Segment Start: Data for analysis

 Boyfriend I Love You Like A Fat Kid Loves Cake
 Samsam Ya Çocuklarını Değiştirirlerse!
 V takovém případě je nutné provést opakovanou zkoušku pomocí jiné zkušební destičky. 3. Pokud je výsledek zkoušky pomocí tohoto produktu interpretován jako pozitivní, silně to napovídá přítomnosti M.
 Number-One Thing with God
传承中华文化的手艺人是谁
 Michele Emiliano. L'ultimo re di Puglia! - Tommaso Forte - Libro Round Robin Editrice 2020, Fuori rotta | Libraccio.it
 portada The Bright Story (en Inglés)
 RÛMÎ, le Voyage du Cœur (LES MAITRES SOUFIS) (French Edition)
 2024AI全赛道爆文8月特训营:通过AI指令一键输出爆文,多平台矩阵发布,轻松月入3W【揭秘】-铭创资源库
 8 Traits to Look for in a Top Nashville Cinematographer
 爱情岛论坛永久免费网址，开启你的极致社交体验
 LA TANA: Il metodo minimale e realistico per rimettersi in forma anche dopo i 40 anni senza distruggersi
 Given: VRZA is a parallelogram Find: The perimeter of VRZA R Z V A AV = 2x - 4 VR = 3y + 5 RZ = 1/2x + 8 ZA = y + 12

Segment End: Data for analysis

__Your instructions__: From the first line to the last, repeat the records exactly.

__Final answer__:
 Boyfriend I Love You Like A Fat Kid Loves Cake
 Samsam Ya Çocuklarını Değiştirirlerse!
 V takovém případě je nutné provést opakovanou zkoušku pomocí jiné zkušební destičky. 3. Pokud je výsledek zkoušky pomocí tohoto produktu interpretován jako pozitivní, silně to napovídá přítomnosti M.
 Number-One Thing with God
传承中华文化的手艺人是谁
 Michele Emiliano. L'ultimo re di Puglia! - Tommaso Forte - Libro Round Robin Editrice 2020, Fuori rotta | Libraccio.it
 portada The Bright Story (en Inglés)
 RÛMÎ, le Voyage du Cœur (LES MAITRES SOUFIS) (French Edition)
 2024AI全赛道爆文8月特训营:通过AI指令一键输出爆文,多平台矩阵发布,轻松月入3W【揭秘】-铭创资源库
 8 Traits to Look for in a Top Nashville Cinematographer
 爱情岛论坛永久免费网址，开启你的极致社交体验
 LA TANA: Il metodo minimale e realistico per rimettersi in forma anche dopo i 40 anni senza distruggersi
 Given: VRZA is a parallelogram Find: The perimeter of VRZA R Z V A AV = 2x - 4 VR = 3y + 5 RZ = 1/2x + 8 ZA = y + 12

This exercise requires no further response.